Parti Meclisimiz, IŞİD terör örgütünün Musul’u işgal etmesinin ardından önce Güney Kürdistan’a, akabinde Batı Kürdistan’ın Kobani kentine saldırmasını, başta Ezdi Kürtler olmak üzere bölgedeki, Kürt, Arap, Türkmen ve diğer tüm halklara, inanç gruplarına yönelik katliamlarını bir kez daha kınıyor. Kürt Hükümetinin ve Kobani’de direnen güçlerin işgal atındaki topraklarında yürüttüğü mücadeleyi destekliyor, dayanışmamızı ifade ediyoruz. Uluslararası koalisyonun ve dünya kamuoyunun ilgi ve yardımlarının artarak sürmesini diliyoruz.
Sayın Mesud Barzani’nin girişimleriyle gerçekleşen Batı Kürdistan’daki siyasi güçler arasındaki diyalog ve mutabakatı olumlu bir gelişme olarak değerlendiriyor, Peşmerge güçlerinin Güney Kürdistan’dan hareket ederek, Kuzey Kürdistan kentlerinden halkımızın sevgi gösterileri arasından geçip, Batı Kürdistan’ın Kobani kentine, kendi topraklarını savunan kardeşlerine yardıma gitmesini tarihi bir olay olarak selamlıyoruz.
Kürt ulusal bilincinde önemli bir sayfa olacağına inandığımız bu gelişmenin dört parçaya bölünmüş ülkemizin siyasi güçleri arasındaki ilişkilerin normalleşmesine katkı sunmasını diliyoruz.
Bu gün kan gölüne dönen Irak ve Suriye’deki olaylar da göstermiştir ki yüz yıl önce çizilen yapay sınırlar ve bölgede yaşayan farklı etnik ve inançtan kesimler dikkate alınmadan sadece emperyalist çıkarlar temelinde oluşturulan devletler ancak zulüm üretmekte, bölge ve dünya barışı için birer potansiyel tehdit oluşturmaktadır.
Mevcut çatışmalar sadece bir iktidar değişikliğiyle çözümlenemeyecek kadar ciddi bir tarihsel geçmişe sahiptir, özelikle son yıllarda gelişen ve devam eden kanlı boğazlaşma bölgenin yeniden dizaynını zorunlu hale getirmiştir.
Irak da Şii ve Sünni Araplar, keza Kürtler eski statüde bir arada yaşayamazlar.
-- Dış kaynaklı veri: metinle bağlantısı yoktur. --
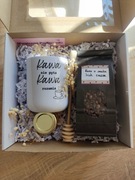 MINI BOX zestaw prezentowy K&H dla Niej Kubek 330 ml Kawa nie pyta prezent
Yapılması gereken konfedere bir Irak’ın temellerini atmaktır. Yine Suriye de sadece Esed rejimin değişmesiyle sorunların çözülebileceğini düşünmek gerçekçi değildir. Suriye’de gerekli olan; Nusayriler, Sünniler, Dürziler ve Kürtler başta olmak üzere tüm kesimlerin uzlaşması üzerine bina edilecek federal ve demokratik bir yapılanmadır.
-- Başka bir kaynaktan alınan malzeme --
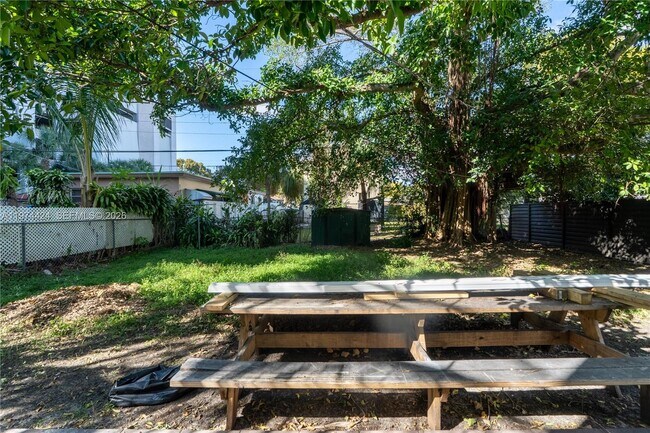 Photo - 3665 SW 16th St Unit 3665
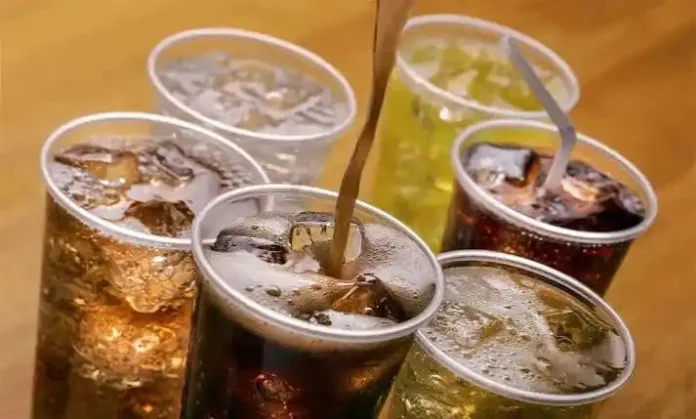 سافٹ ڈرنکس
Daha büyük yıkımlara, kanlı boğazlaşmalara fırsat vermeden, ateş bölgenin tümüne sirayet etmeden, Birleşmiş Milletler Güvenlik Konseyi çözüm için harekete geçmelidir.
Kudüs’de yaşanan son olayları değerlendiren Parti meclisimiz, Hak-Par olarak Müslümanlar için kutsal bir mekan olan Mescid-i Aksa’ya yönelik saldırıyı onaylamadığımızı, İsrail’in Müslüman alemini rencide eden bu türden tutumlardan da de vaz geçmesi gerektiğini ifade ediyoruz.
Son günlerde Türkiye’de yaşanan olayları, artan siyasi gerilimi de değerlendiren Parti Meclisimiz; Kürt sorununun diyalogla, barışçıl ve demokratik yollarla çözümü için herkesin ısrarcı ve tutarlı olması gerektiğini; denenmiş ve çözümü daha da ağırlaştırmaktan, acıları çoğaltmaktan başka işe yaramayacak, kışkırtıcı, tehditkar ve tarafların hassasiyetlerini önemsemeyen üslupla, şiddet ve güvenlikçi politikaların girdabına sürüklenmenin kimseye yararının olmayacağını tespit etmiştir.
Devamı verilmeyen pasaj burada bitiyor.